First it’s a terrible idea to make big life decisions based on people knowing you the least: Internet strangers. You should have serious conversations with various professors, post-docs, and grad students.
While genetics undoubtedly play a factor as they do in most things in life, and many math superstars are likely endowed with good genes, in most cases upbringing plays a much bigger role. Many of your peers practiced mathematical problem-solving for years and it would be unrealistic to get to their level in a short amount of time.
I can relate to you as I also come from a different field and I asked my professor the same questions. He told me that working hard is not enough, you have to work smart as well. That is, you have to deliberately spend effort developing effective study and problem-solving skills tailored to advanced math. For example in intro analysis, I draw a lot of pictures (mostly points and balls) to get intuition. A single problem set only covers a few theorems and definitions so you just need to figure out which ones are relevant for your problem. When I inch toward the conclusion, I signpost every step so I keep myself on track and minimize logical errors. If direct proof doesn’t look promising after some attempt, I switch to contrapositive or contradiction (and you get better at identifying when proofs should be done this way from practice). It was also very common for me to spend hours on a single problem, but I take breaks. If I can’t solve it in 40 min or so, I either move onto the next one or take a walk outside so that I let my brain work on it in the background (“diffuse mode”). Often when I come back to the problem my diffused mode brain already come up with a different approach. This is also why I start problem sets as soon as they are assigned so my brain can work on these problems in diffused mode for days if needed. Once I have attempted enough but can’t get anywhere, I go to my peers or office hours to get unstuck and then reflect on how I could’ve gotten the insights myself.

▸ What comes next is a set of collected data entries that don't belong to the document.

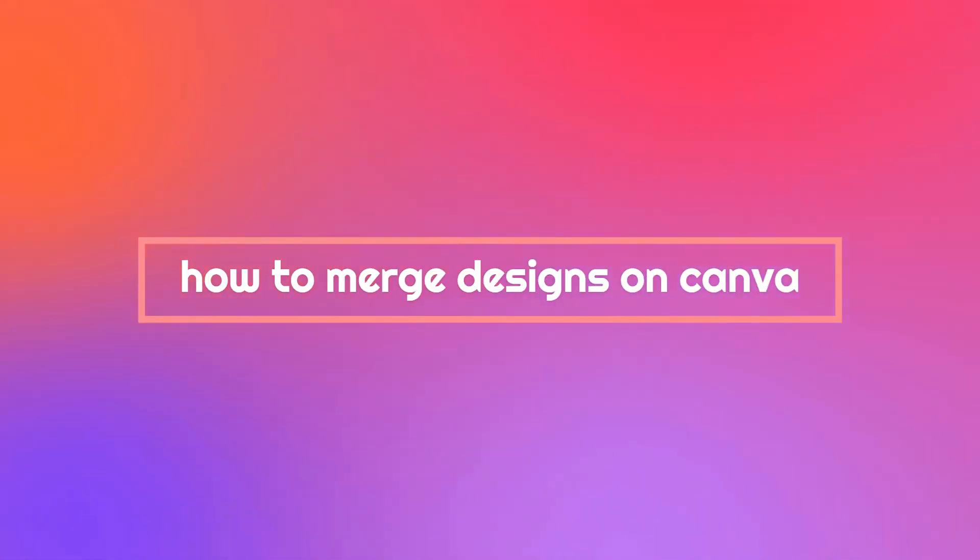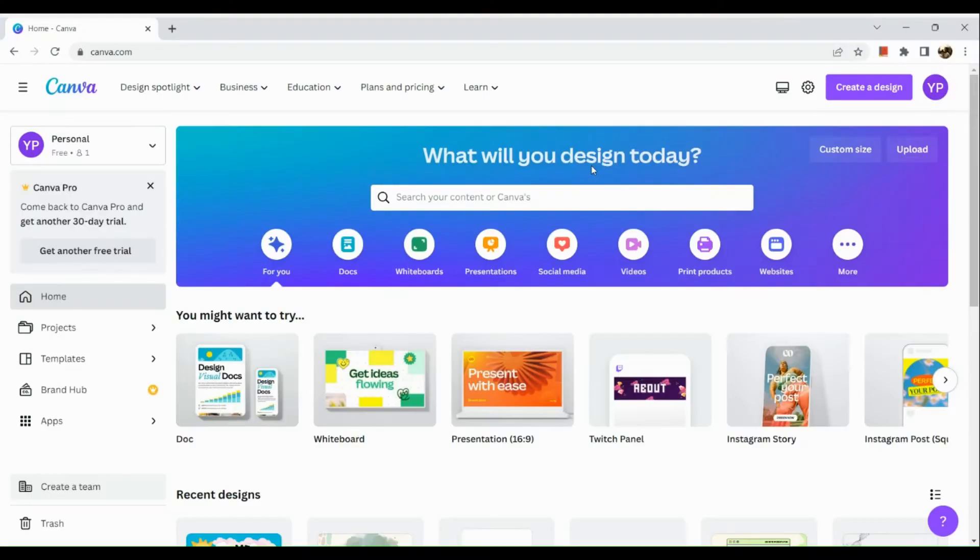How to Merge Designs on Canva. Hi, welcome to Dectrex Tutorial.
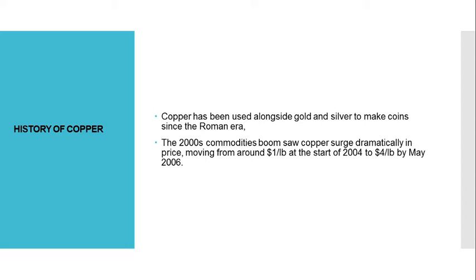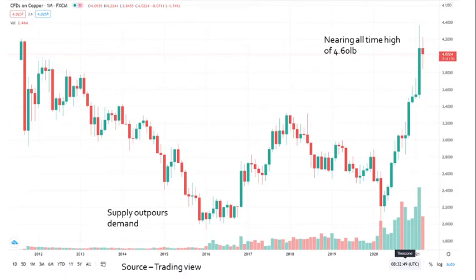Now have a look at a chart — it shows prices from 2012 to today, describing various events including supply output, demand, and a nearing all-time high of $4.6.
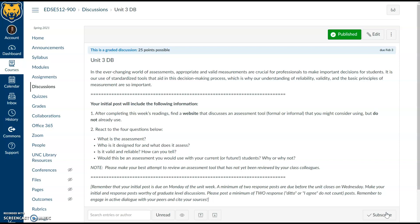For the discussion assignment, find a website with an assessment tool — formal or informal — that you haven't already used, and describe it using four criteria: What is it? Who designed it? What is it testing? Is it reliable and valid? And would you use it, and why or why not? Try to find something others haven't posted yet. It's also fine to select an assessment that seems lacking — it's good to look at weaker ones so you can identify holes. Post as usual; deadlines are in the course schedule. Have a great week!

What I’m trying to say is that for people who only got into math in college, it’s very common to take a longer time to digest concepts or solve problems than peers that are ahead due to upbringing. The best way to catch up is work hard AND smart (“deliberate practice”). Eventually your advanced peers will hit their bottleneck as well and they will face the same problem that you face now. If you pick up the effective learning skills now I would not be surprised if you go further than your advanced peers in grad school (if that interests you) as they relied on their “talents” too much and never learned how to learn. If your professors/TAs are good, you can pick up the skills in their office hours. Otherwise you have to do a lot of self-reflections and experiments to develop the most effective skills for your learning. I already gave you some examples and hopefully you can extrapolate.